もはやタイトルを考えるのすら面倒くさくなったのか、単刀直入「ループ」ってタイトルのループもの。
映画配給会社の担当が仕事するフリをするためなのか、副題として「時に囚われた男」というのが、申し訳なさげに付いている。
「でも、ループ映画って、基本的に、時に囚われてますよね?」
と、もう一人の俺が耳元で囁く。
「その副題、『頭痛が痛い』『食事を食べる』みたいな感じで、表現としてオカシイですよ。ついでに、『月に囚われた男』と、ちょっと被ってますよね」
うーん、確かに、と考えていると、さらに別の俺が割り込んでくる。
「マーケティング予算を与えられなかった映画配給会社が、『ルーパー』とか『月に囚われた男』と間違えてくれるように、涙ぐましい努力で考えたんやろ」
なぜ大阪弁なのかは不明だが、言ってる意味はわかる。
「こんなの、感想書いても、マニアしか興味ないわよ!」
と、女装した俺が「ニャー」となく猫を撫でながら指摘する。
「ワシも若い頃は、お前のように『ループ警察』として、ルールの明確でないループ映画は許せなかったものじゃが、お主も成長したのう」
……なんか書いてて良く分からなくなったのだが、この俺の下手な文章で、この映画の世界観を表現してみたんだけど、伝わっただろうか。
ドラックの運び屋をしているアダムは、妊娠した恋人アンナと共に、ボス・デジューを裏切って雲隠れを企てる。だが、突然、一人で姿を消したアンナを追い、街でようやく彼女を捕まえると「あなたは死んだはずでは?」と奇妙な話をされ、その直後、彼女は車に轢かれてしまう。その後、アンナが手に持ったビデオテープを持って自室へと戻ったアダムは、その映像に、自分が自室でデジューに射殺されるシーンを発見する……という内容。
このループもののミソは、同じ世界線に、自分が複数、登場してくるというところ。カイリー・ミノーグの「Come Into My World」のコンセプトが映画になった感じ。自分が自分の行動に干渉することで、物語は進んでいく。
これ以上書くとネタバレになるので、内容の紹介はココまで。
ループ世界のルール自体は分かりづらいんだけど、主人公の取った選択肢や、終わり方の余韻の残り方も含めて、ループ映画好きとしては、とっても楽しめた。
ちなみにこれ、ハンガリーの映画。

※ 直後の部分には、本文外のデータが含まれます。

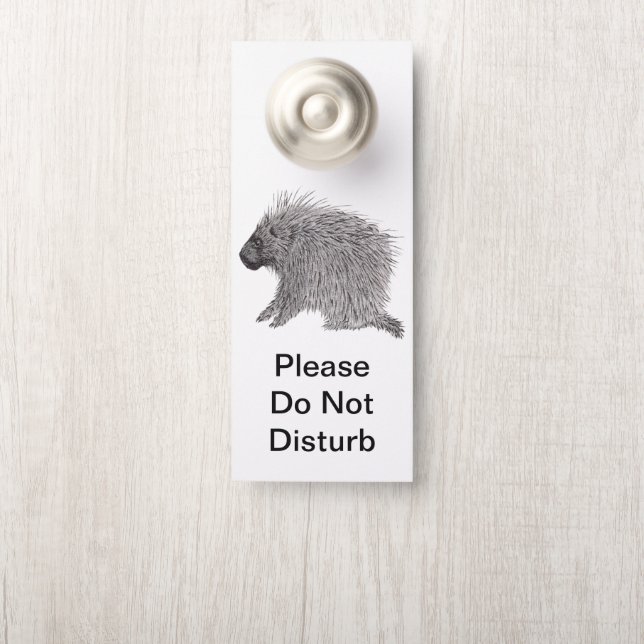 Affichette De Porte porc-épic (Sur le bouton)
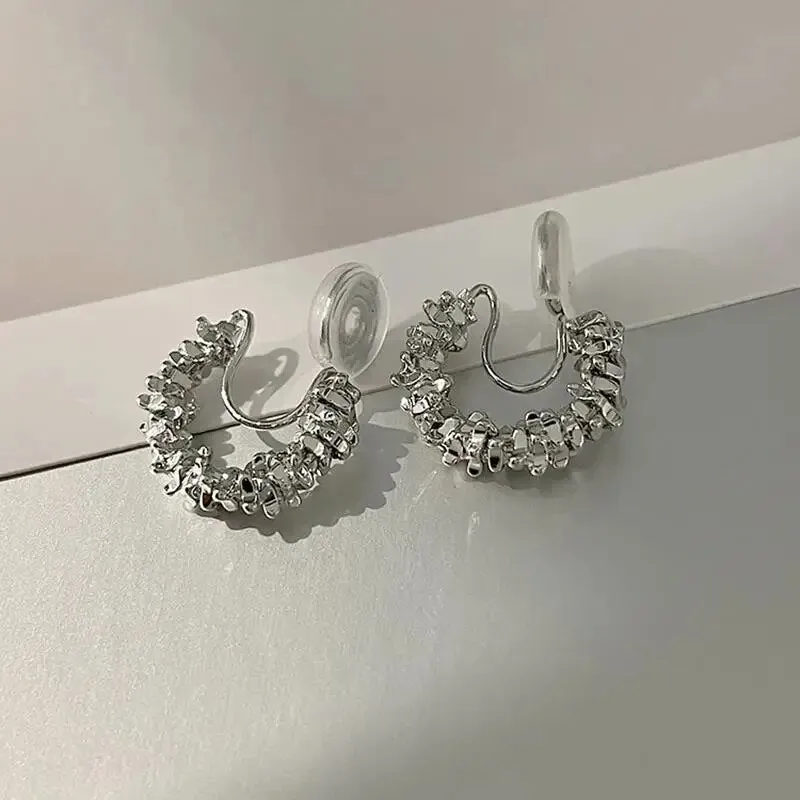 Metal C-shaped Brass Coil Earrings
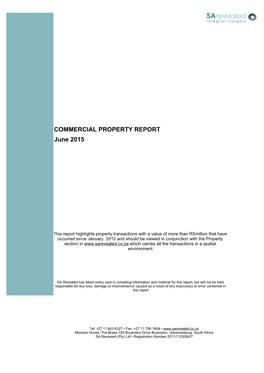 COMMERCIAL PROPERTY REPORT June 2015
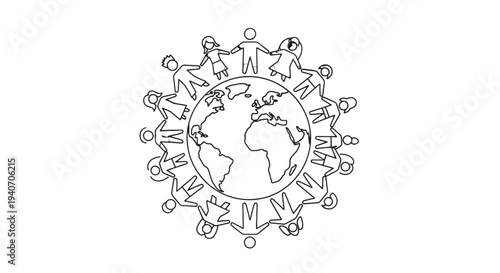 Global unity and cooperation symbol with people holding hands around the world.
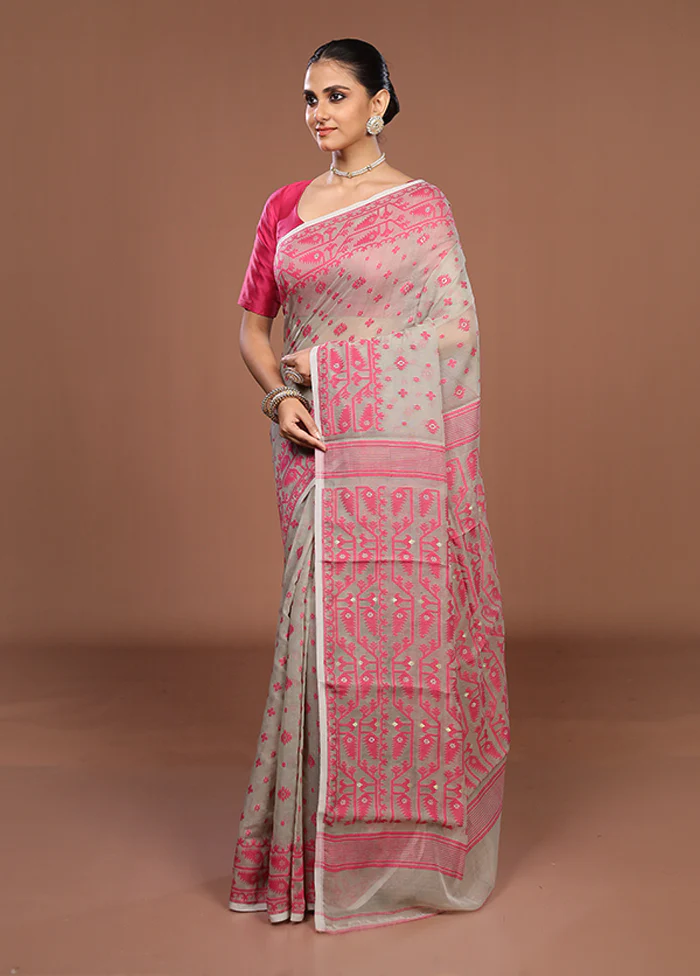 Cream Jamdani Cotton Saree Without Blouse Piece - Image 4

ハンガリーの映画というと、救いようのない真っ暗な展開の「サウルの息子」くらいしか観たことなかったけど、こんなエンタメ作品もあるんだなー、と感心。
全編ブダペストでロケしてあって、旧東欧地域ならではの美しい街並みを楽しめる。ただ、「こんな美しい街やで」と、ドヤりたいのか知らないが、やたらめったらドローン撮影を多用してる。
もはや全編ドローン撮影にしてもいいんじゃないかってくらい、要所要所でドローン撮影が出てくるので、2回め鑑賞するなら、ドローン撮影に注目するのも良いかも。
全く映画と関係なく、ブダベストの風景を観てて思い出したんだけど、俺、ブダペストにあるセーチェニ温泉ってサウナに行ったことがある。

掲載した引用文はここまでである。